If I live to be 150 years old I'll never understand the world's seething hatred of the Jews. It makes no sense.
Cindie
Well, actually some of the posts here illustrate one of the reasons. If your religion tells you that YOU are the chosen people, and some other group claims IT is the chosen people, and then moves in next door to you, the seeds of conflict are pretty irrevocably sown, and somebody's got to go, or at least get pummeled into submission eventually.
In Europe the roots of anti-Semitism had a more economic component and the insular, exclusive, and mutually-promoting ways of the Jewish community (Going along with the whole 'Chosen' belief) fostered a lot of pushback, which always intensified when times were tough...when any kind of wealth gets concentrated in a minority that strongly pursues taking care of its own as a primary value, any propagation of that wealth gets plowed back in to selectively benefit that community first and foremost, and enables it to further accelerate concentration of wealth in itself. This results in the rest of the populace feeling like they are getting screwed for the benefit of that minority, even if their own leaders set up a lot of the conditions that created the situation -- not unlike the history of affirmative action here in the US, and how many fans of that are there here? A lot of that situation was indeed created by the European Gentiles, for instance the religious ban on usury for Christians greatly facilitated the growth of Jewish banking and financial organizations, and religious-based prohibitions on Jewish participation in some professions or Christian participation in others also naturally led to a predominance of one group or the other in particular fields that outlived the twilight of the religious proscriptions.
In modern times the economic pace and scale, plus the nature and scope of opportunities to make one's way in the world, have pretty much obviated the reasons that gave birth to European anti-Semitism, though of course there is a cultural remnant of it lingering. Not so the friciton between competing 'Chosen' peoples, which will inevitably result in bloodshed whenever two mutually exclusive groups with the same religious conviction about their destinies rub up against each other.
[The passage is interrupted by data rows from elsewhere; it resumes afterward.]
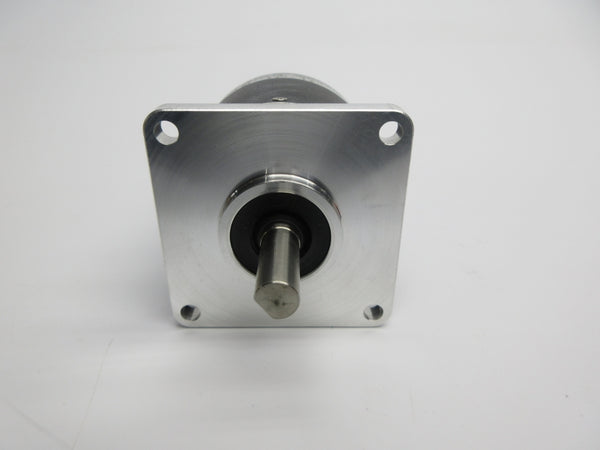 ENCODER PRODUCTS 725I-S-S-1200-R-HV-1-F-1-EX-N-CE 5-28VDC NSMP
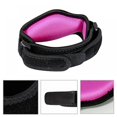 thumbnail image 3 of Tennis Elbow Brace for Elbow Tendonitis (2 PCS) with Compression Pad, Prevent Fishing, Elbow Pain Relief, Includes Two Adjustable Elbow Support Braces, 3 of 12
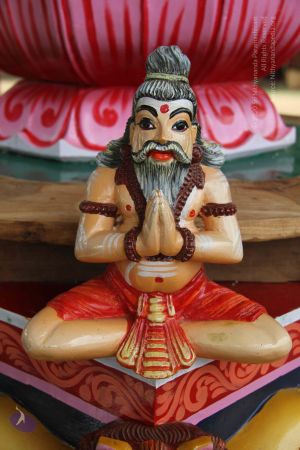 20140905 Photo 1012 1XbP3JT4KVTXr5Ng5uQtXscZOQIlg93ID.JPG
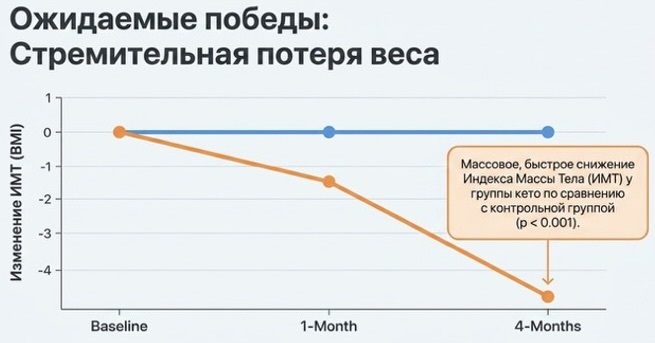 Slide6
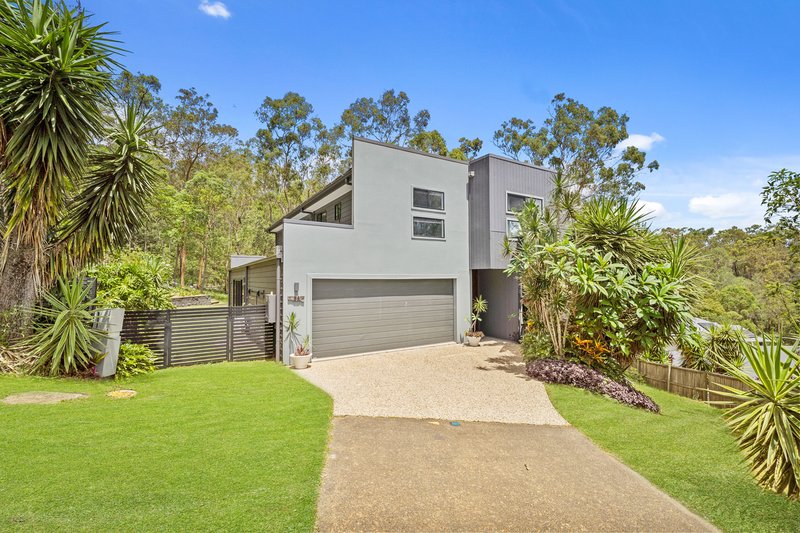 Photo - 5A Mapleton Close, Waterford QLD 4133 - Image 3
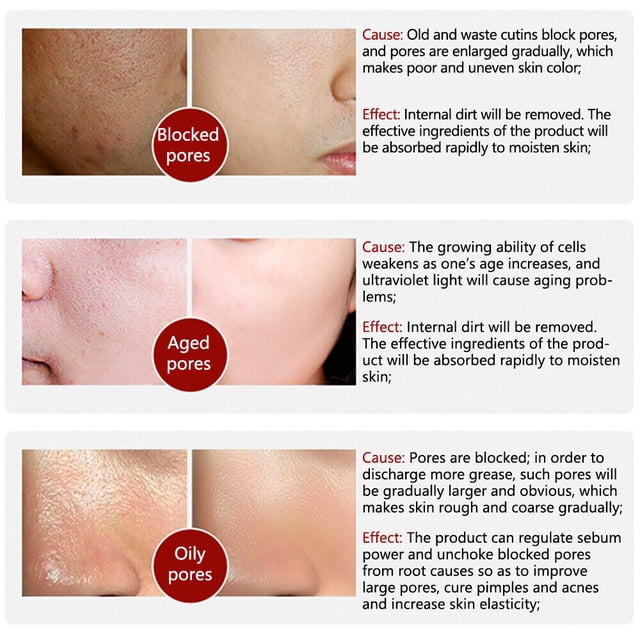 Pore Base Gel Cream Pore Face Primer Matte Base Cosmetic Make Up Oil Control Fine Lines Pore Cream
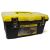 Stanley 1-92-905 Kutija za alat 16"
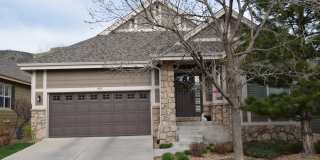 Stunning 3 bedroom Home /  Main Floor Master! Gallery 1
I personally set no stock in anybody being chosen myself, and regard religion as a disaster-seeking basis for foreign policy decisions. Democracies have allies, not 'Friends,' and those alliances last as long as there is a mutual value in it and not a moment beyond. Since the end of the Cold War, the policy basis for our relations in the ME somewhat murky, and currently it's not all cut-and-dired as to whether backstopping Israel is helping us or hurting us in a big-picture, long-run way. Supporting them means being on the wrong side with a large majority of the population in the area (including the guys sitting on all the oil) and occasional outbreaks of localized blood-spilling, while backing out entirely would tend to encourage large-scale overt and covert adventurism by Syria and Iran (from the current cast of characters) with consequences that could easily escalate to regional nuclear war, so I see us keeping up our semi-alliance with Israel in the interests of holding down a lid on the region to prevent large-scale hostilites, which would be very bad for everybody includng us.